Installation
Installing CUDA (optional)
In 2007 NVIDIA released CUDA® (Compute Unified Device Architecture). CUDA is a parallel computing platform and programming model that enables dramatic increases in computing performance by harnessing the power of the GPU. You can download the platform from here, but before you install it, check that your system is compatible and read the disclaimers provided. For Windows operating systems you can find additional information here. Mind that the above is optional. You can run all the material provided in this course without the GPU computation option. If you plan to install CUDA anyway, make sure to check out the detailed installation steps that worked for the author first.
The R language
R is a turing-complete programming language focusing on specifically on data analysis. It is the most popular among statisticians and data scientists and in comparison to Python it is often said to be the brains whereas Python is said to be the muscles (see Upadhyay 2016):
For Windows systems, you can download the latest stable R version from here. It comes with a number of very useful functions already in thebase
namespace Again, make sure to continue reading first to check the installation steps that worked for the author below.
Python
Python is a general-purpose programming language developed by Guido Van Rossum. The previous paragraph already discusses the differences between R and Python. In addition, some resources or platforms will rely only on one of these two languages. For these reasons, it pays of for a prospective data-scientist to manage both.

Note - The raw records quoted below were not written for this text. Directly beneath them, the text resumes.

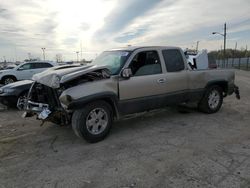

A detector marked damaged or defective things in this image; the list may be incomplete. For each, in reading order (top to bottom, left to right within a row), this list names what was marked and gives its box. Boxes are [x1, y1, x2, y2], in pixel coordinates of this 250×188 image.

crushed front end [17, 82, 69, 125]
crumpled hood [31, 64, 109, 88]
damaged pickup truck [17, 46, 240, 142]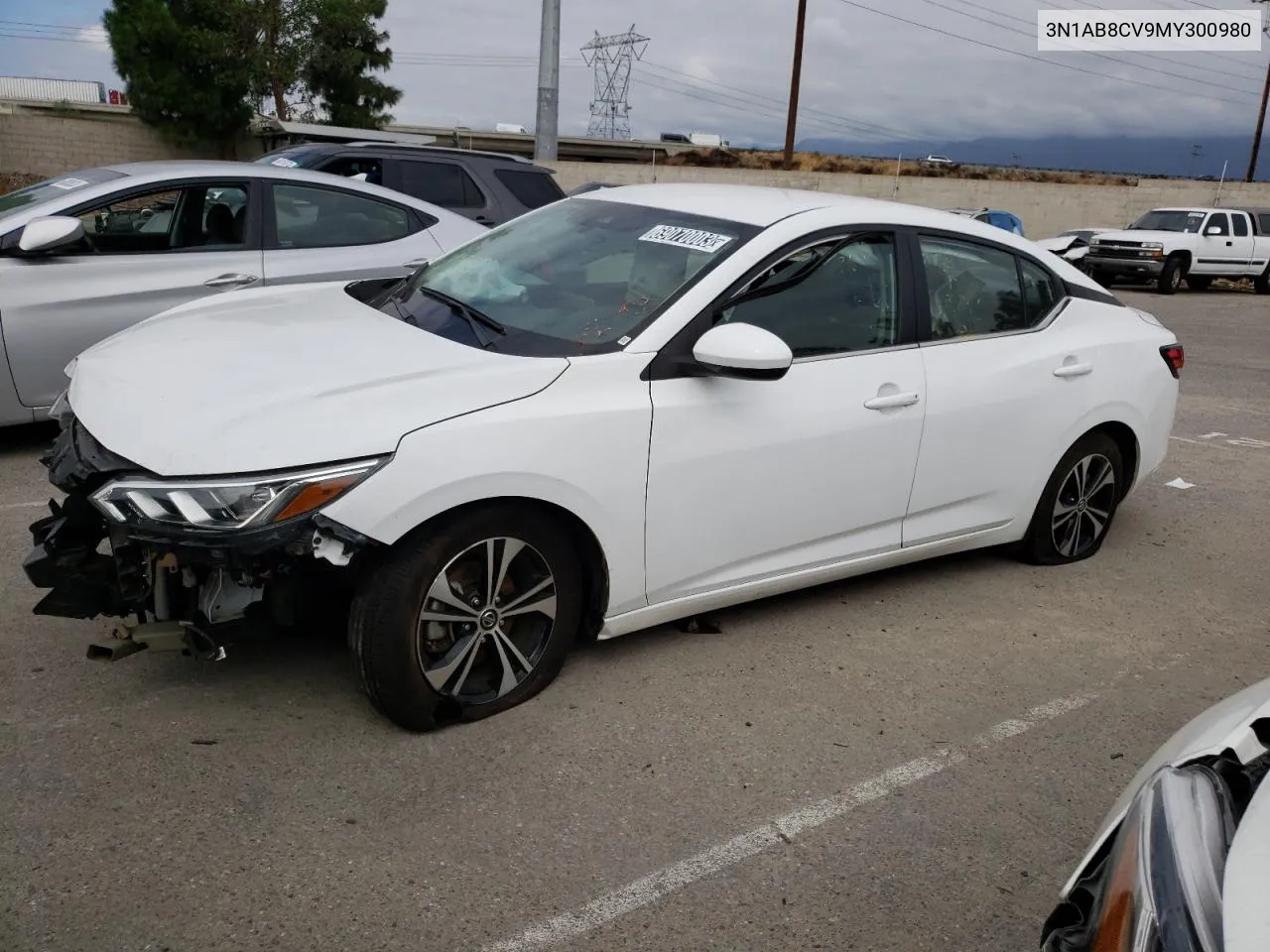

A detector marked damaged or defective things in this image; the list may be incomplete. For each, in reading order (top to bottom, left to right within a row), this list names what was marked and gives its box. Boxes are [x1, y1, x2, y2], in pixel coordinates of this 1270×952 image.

broken headlight assembly [87, 459, 383, 533]
damaged white nissan sentra [22, 182, 1178, 731]
broken headlight assembly [1041, 762, 1239, 952]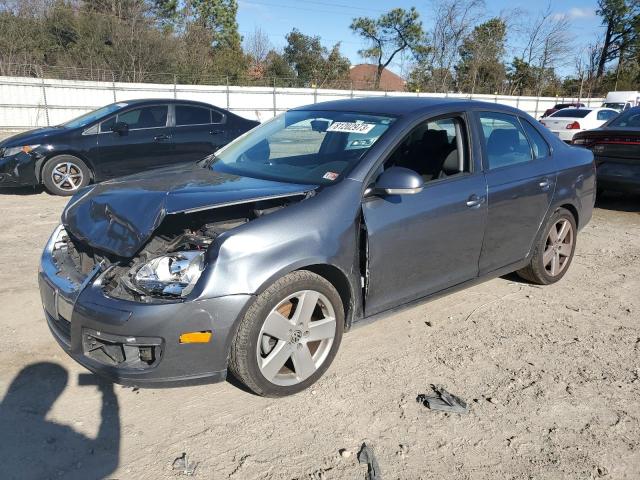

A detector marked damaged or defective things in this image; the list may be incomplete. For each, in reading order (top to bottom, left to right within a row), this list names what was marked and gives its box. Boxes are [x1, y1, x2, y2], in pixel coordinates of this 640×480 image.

exposed headlight assembly [132, 251, 205, 296]
broken headlight [133, 251, 205, 296]
damaged front end [55, 196, 304, 304]
crumpled hood [61, 163, 316, 256]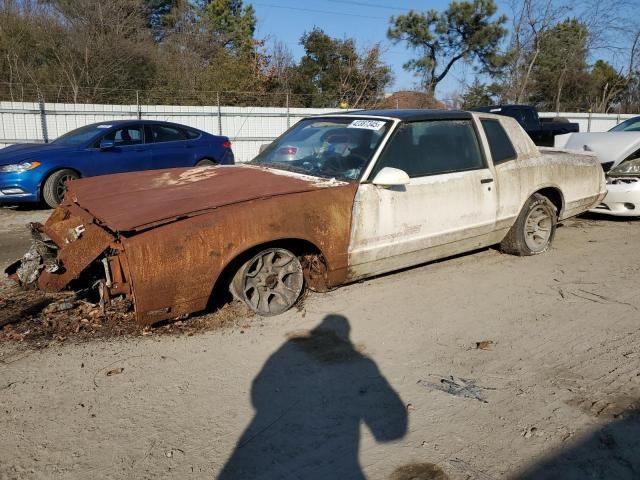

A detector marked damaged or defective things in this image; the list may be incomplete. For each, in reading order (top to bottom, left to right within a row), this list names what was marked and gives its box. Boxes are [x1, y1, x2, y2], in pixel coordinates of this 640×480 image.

damaged front end [3, 203, 133, 316]
rusted hood [64, 165, 344, 232]
wrecked white sedan [6, 110, 604, 324]
wrecked white sedan [556, 129, 640, 216]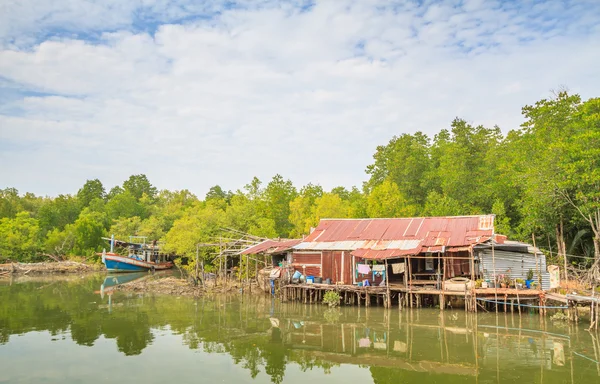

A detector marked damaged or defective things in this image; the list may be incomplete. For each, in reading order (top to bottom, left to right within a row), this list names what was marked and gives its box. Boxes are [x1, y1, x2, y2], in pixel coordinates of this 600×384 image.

rusty corrugated roof [296, 216, 496, 260]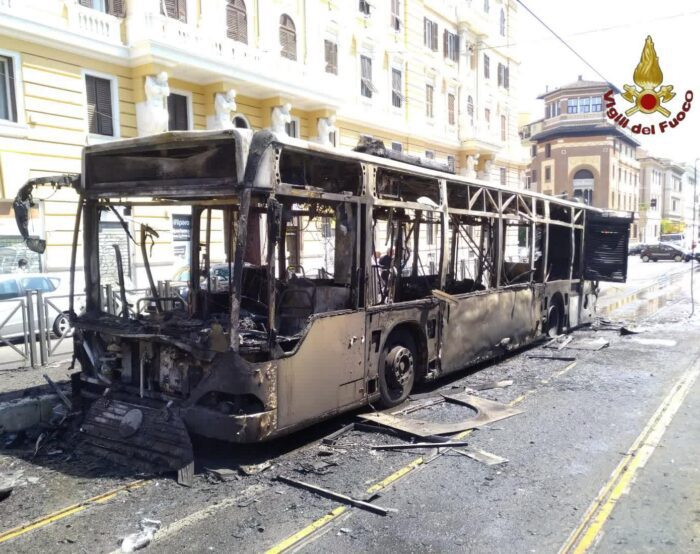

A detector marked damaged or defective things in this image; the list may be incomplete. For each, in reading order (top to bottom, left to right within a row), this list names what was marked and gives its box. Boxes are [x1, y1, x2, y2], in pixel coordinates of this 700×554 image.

charred bus frame [13, 128, 632, 474]
burned bus [13, 128, 632, 478]
burnt wheel hub [386, 342, 412, 386]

Persoonlijkheid E.1 (Guido Van Rossum)
Guido Van Rossum is the father of Python. He developed the language in 1989 as a Dutch IT-specialist associated with the Mathematisch Centrum in Amsterdam, Netherlands. Originally meant as a low-threshold language for beginning programmers, it now trumps all other. See for yourself on
Google trends.
RStudio
Rstudio was found by far to be the most valuable and student-friendly IDE (integrated development environment) for working professionally with data, not just in R, but also in Python, Julia and other (scripting) languages such as SQL and Stan. In addition, it is the easiest IDE for people who have limited computer experience. Installing RStudio is free for academic use. See https://rstudio.com for more information, installation generally takes only a few minutes. Once installed, get acquainted with the IDE. See the book of Campbell for details on the IDE (Campbell 2019).
Installing Tensorflow
Around 2005, Google released Tensorflow®. TensorFlow is an open-source Python library to aid with the development, training, building and releasing of machine learning models, particularly deep learning models. To install TensorFlow for Rstudio, visit https://tensorflow.rstudio.com/ and read the instructions there. Check the installation steps used by the author below before you start.

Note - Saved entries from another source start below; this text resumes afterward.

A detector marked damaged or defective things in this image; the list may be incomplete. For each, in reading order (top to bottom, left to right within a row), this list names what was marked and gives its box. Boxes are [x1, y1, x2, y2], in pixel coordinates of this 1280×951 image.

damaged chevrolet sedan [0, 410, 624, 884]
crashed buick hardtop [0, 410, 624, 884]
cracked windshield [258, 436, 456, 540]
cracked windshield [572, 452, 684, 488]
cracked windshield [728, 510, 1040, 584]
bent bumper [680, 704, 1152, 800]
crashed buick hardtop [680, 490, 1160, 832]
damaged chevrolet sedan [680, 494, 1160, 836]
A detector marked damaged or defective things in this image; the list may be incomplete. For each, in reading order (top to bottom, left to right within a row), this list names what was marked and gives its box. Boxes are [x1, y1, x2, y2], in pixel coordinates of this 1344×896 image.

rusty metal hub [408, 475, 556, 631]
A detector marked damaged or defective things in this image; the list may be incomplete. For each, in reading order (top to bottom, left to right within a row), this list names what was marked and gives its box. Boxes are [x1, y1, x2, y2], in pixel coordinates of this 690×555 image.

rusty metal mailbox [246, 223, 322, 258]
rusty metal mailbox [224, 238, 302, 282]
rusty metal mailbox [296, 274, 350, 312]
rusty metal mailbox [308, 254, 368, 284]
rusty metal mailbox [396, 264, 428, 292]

Installation steps that worked for the author
Every system is different, so the steps below might not work for you. With these and with the links provided above, you should be able to get up and running in no time. Here is the set of instructions that worked for me, starting from scratch on a Dell XPS 15 7590 with a Windows 10 Pro operating system. For Windows users, remember check the ‘set Path’ option during installation, if available, or set the path manually using the [command line]](https://www.windows-commandline.com/set-path-command-line/). Also, test each step before you go to the next.

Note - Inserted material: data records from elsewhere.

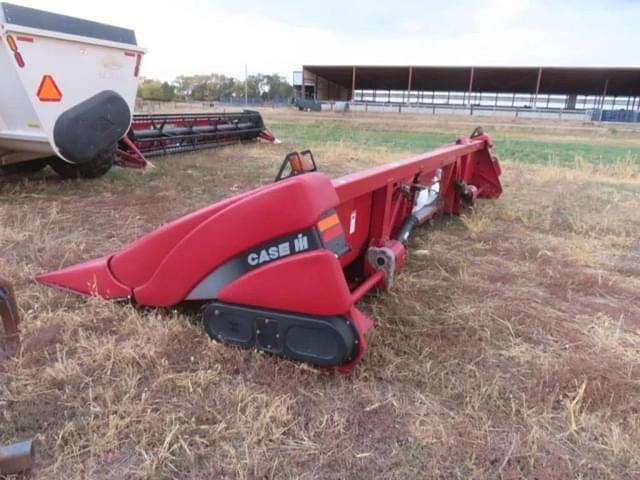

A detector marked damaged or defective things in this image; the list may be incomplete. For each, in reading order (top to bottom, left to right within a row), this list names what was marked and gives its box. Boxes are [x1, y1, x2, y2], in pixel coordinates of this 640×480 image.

rusty metal piece [0, 278, 20, 348]
rusty metal piece [0, 440, 34, 474]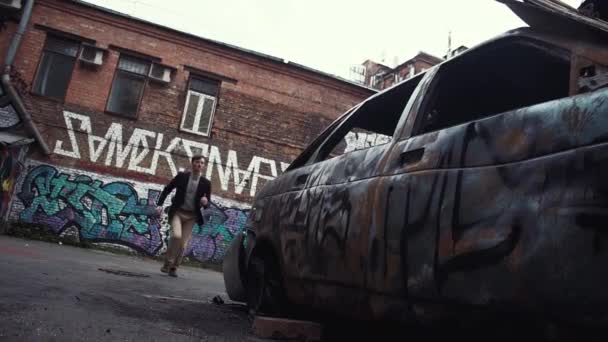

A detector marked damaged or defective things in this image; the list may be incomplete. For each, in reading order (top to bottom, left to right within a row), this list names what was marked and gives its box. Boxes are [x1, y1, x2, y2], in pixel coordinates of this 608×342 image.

rusted car body [222, 0, 608, 326]
burnt car [223, 0, 608, 328]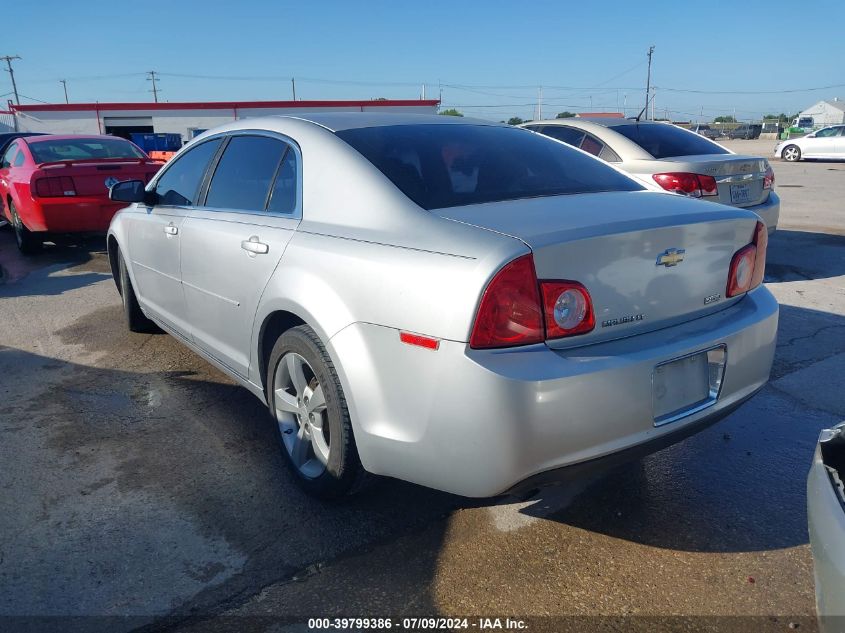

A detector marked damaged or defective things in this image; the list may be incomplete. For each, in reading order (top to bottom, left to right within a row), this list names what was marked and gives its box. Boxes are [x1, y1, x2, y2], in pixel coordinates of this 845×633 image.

missing license plate [652, 344, 724, 428]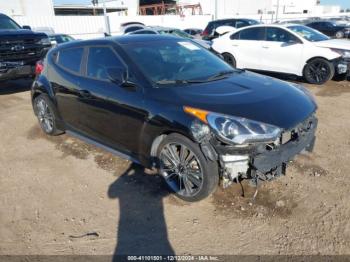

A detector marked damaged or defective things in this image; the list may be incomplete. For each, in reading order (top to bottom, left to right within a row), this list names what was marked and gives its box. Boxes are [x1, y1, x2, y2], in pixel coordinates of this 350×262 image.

damaged headlight [183, 106, 282, 145]
damaged headlight [208, 113, 282, 144]
front-end damage [191, 114, 318, 188]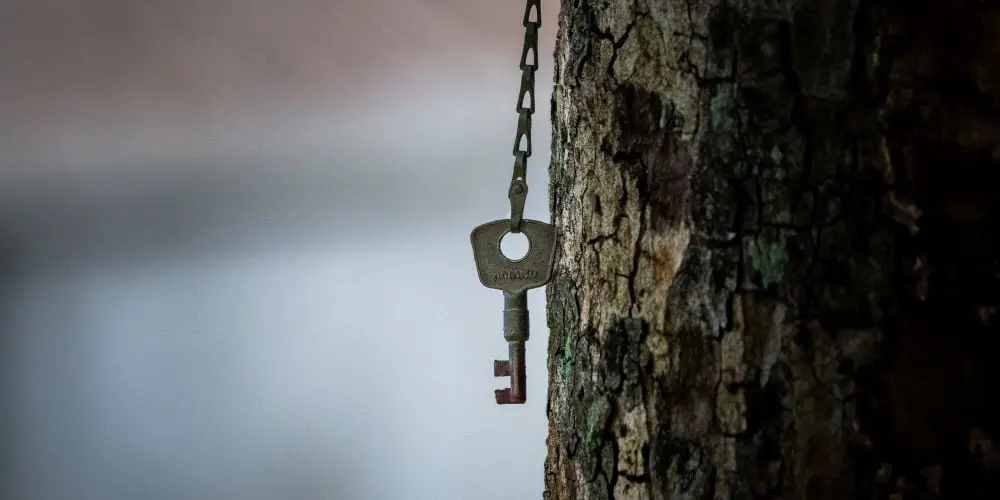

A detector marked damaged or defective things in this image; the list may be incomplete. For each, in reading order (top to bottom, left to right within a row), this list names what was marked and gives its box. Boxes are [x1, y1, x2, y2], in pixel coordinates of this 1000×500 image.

- (optional) Install CUDA version 10.2.89_441.22 for Windows and test with
nvcc -V
anywhere at the command line prompt
- Install R and test by running the command
R --version
anywhere at the command line prompt
- Install Python 3 and test by running the command
python --version
anywhere at the command line prompt
- Install Rstudio and check that the correct version of R is being linked to
- Install Miniconda in a directory that contains no spaces (not automatically adding to Windows PATH variable as advised, but manually) and test by running the command
conda --version
anywhere at the command line prompt
- Add a python environment, here called
tf
(in the Scripts
sub-folder of Miniconda installation folder), read and follow the advise given (if any) and test afterwards with the command conda info --envs
or conda env list
:
Collecting package metadata (current_repodata.json): done
Solving environment: done
==> WARNING: A newer version of conda exists. <==
current version: 4.8.3
latest version: 4.8.4
Please update conda by running
$ conda update -n base -c defaults conda
Package Plan ##
environment location: […]\envs\tf
Proceed ([y]/n)? y
Preparing transaction: done
Verifying transaction: done
Executing transaction: done
To activate this environment, use
$ conda activate tf
To deactivate an active environment, use
$ conda deactivate
- Open RStudio and, using the console, install the helper package
tensorflow
that guides the installation:
install.packages("tensorflow")
Installing package into […]
(as ‘lib’ is unspecified)
also installing the dependencies ‘rappdirs’, ‘config’, ‘reticulate’, ‘tfruns’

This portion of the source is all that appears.